Verzoek om een prejudiciële beslissing ingediend door de Županijski sud u Zagrebu (Kroatië) op 18 mei 2017 – Ured za suzbijanje korupcije i organiziranog kriminaliteta / AY

(Zaak C-268/17)

Procestaal: Kroatisch

Verwijzende rechter

Županijski Sud u Zagrebu

Partijen in het hoofdgeding

Verzoekende partij: Ured za suzbijanje korupcije i organiziranog kriminaliteta

Verwerende partij: AY

Prejudiciële vragen

Moet artikel 4, punt 3, van kaderbesluit 2002/584/JBZ aldus worden uitgelegd dat het feit dat geen vervolging wordt ingesteld wegens het strafbare feit dat het voorwerp vormt van een Europees aanhoudingsbevel, of dat aan vervolging een einde wordt gemaakt, uitsluitend betrekking heeft op het strafbare feit waarvoor het Europees aanhoudingsbevel is uitgevaardigd, of moet deze bepaling aldus worden begrepen dat het afzien van of het staken van vervolging ook betrekking moet hebben op de in het kader van die vervolging als verdachte/beschuldigde gezochte persoon?

Kan een lidstaat uit hoofde van artikel 4, punt 3, van 2002/584/JBZ weigeren een Europees aanhoudingsbevel ten uitvoer te leggen wanneer de rechterlijke autoriteit van de andere lidstaat heeft besloten ofwel om geen vervolging in te stellen voor het strafbare feit waarop het Europees aanhoudingsbevel betrekking heeft, ofwel de vervolging te staken, in het geval waarin in het kader van deze vervolging de gezochte persoon de hoedanigheid van getuige en niet die van verdachte/beschuldigde had?

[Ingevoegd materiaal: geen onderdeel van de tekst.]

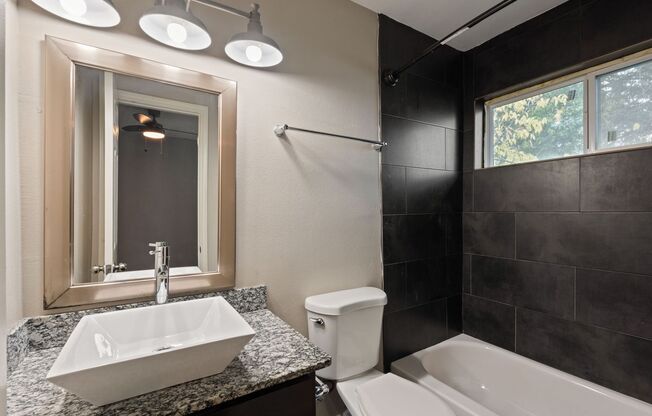 2 beds, 1 bath, 680 sqft, $999, Unit 4719-117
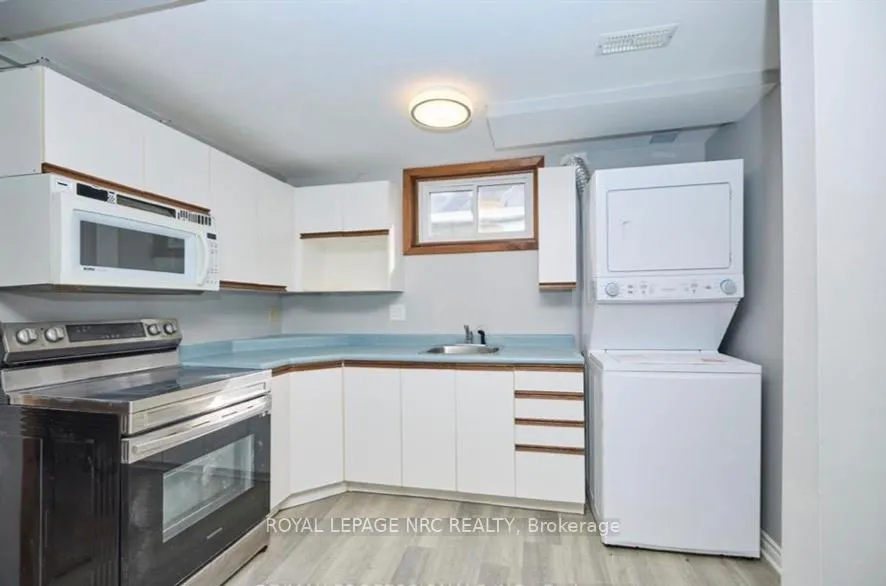 Photo 7 of Unit LOWER, 100 Larchwood Circle, Welland, N. Welland — HOMEH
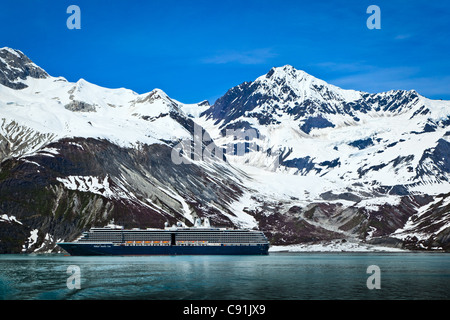 Holland America cruise Schiff auf Johns Hopkins Gletscher, Glacier Bay Nationalpark, Alaska Stockfoto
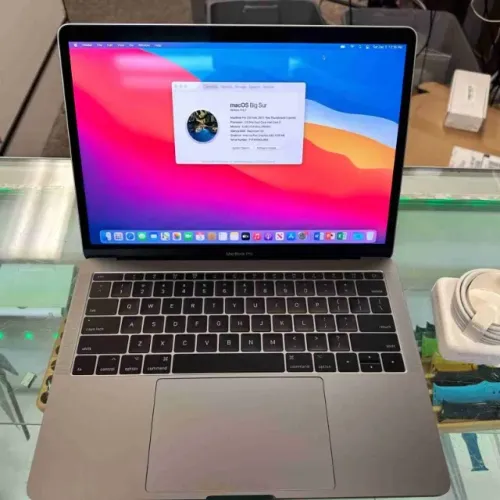 MACBOOK PRO 2017 - 256GB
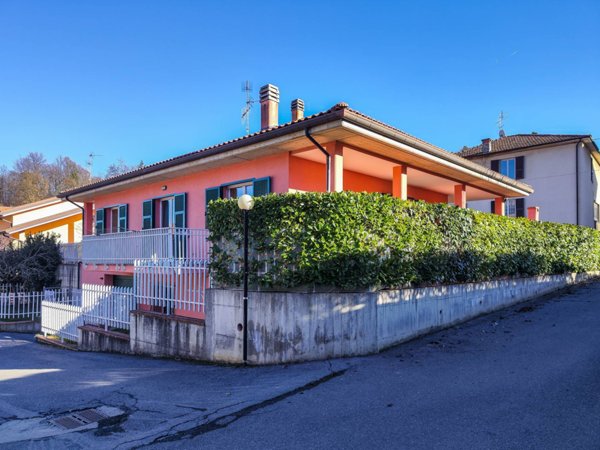 casa indipendente in vendita a Cairo Montenotte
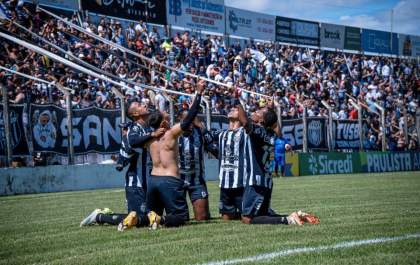 AEA é goleada e perde chance do acesso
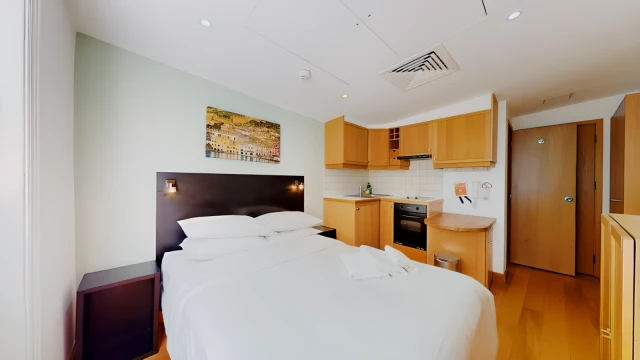 Cartwright Gardens 24854# 1
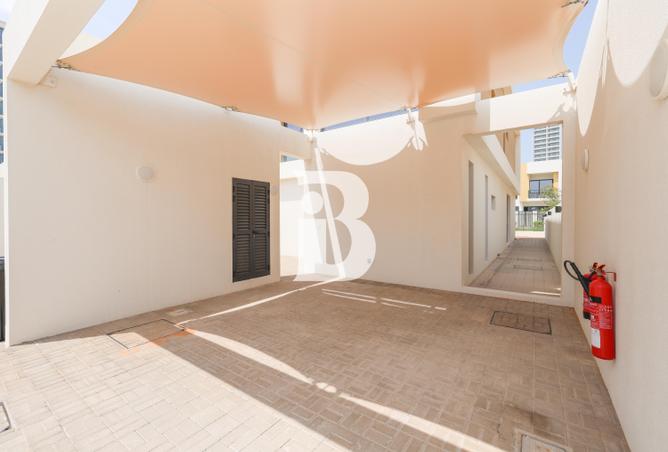 73121218 - صورة العقار 2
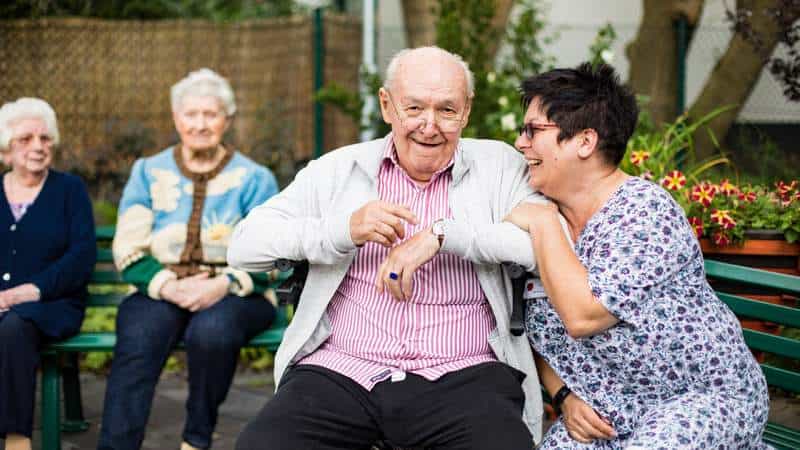 Pflegefachkraft (m/w/d) - Wir freuen uns auf Dich! Lemgo - Johanneswerk Altenheim St. Loyen Stift - Pflegia
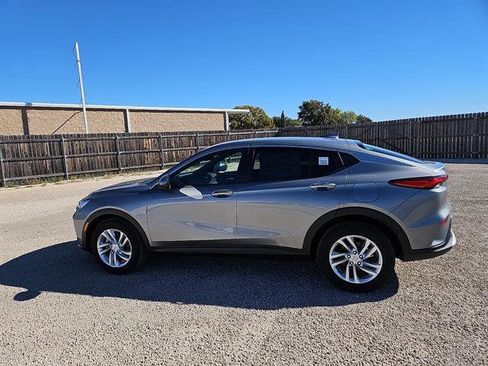 New 2026 Buick Envista Preferred image 2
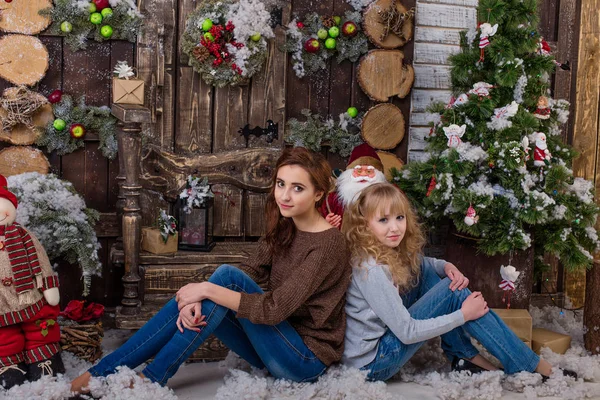 Deux belles filles posant dans les décorations de Noël — Photo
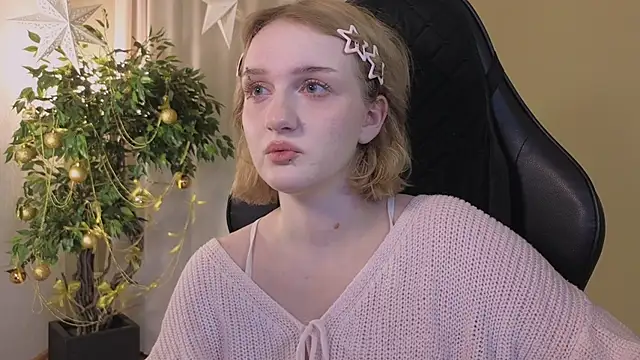 ELLIEJAY online show from December 18, 5:24 am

Vormt het besluit om een einde te maken aan een onderzoek in het kader waarvan de gezochte persoon niet de hoedanigheid van verdachte had, maar is gehoord als getuige, voor de andere lidstaten een grond om geen gevolg te geen aan het Europees aanhoudingsbevel overeenkomstig artikel 3, punt 2, van kaderbesluit 2002/584/JBZ?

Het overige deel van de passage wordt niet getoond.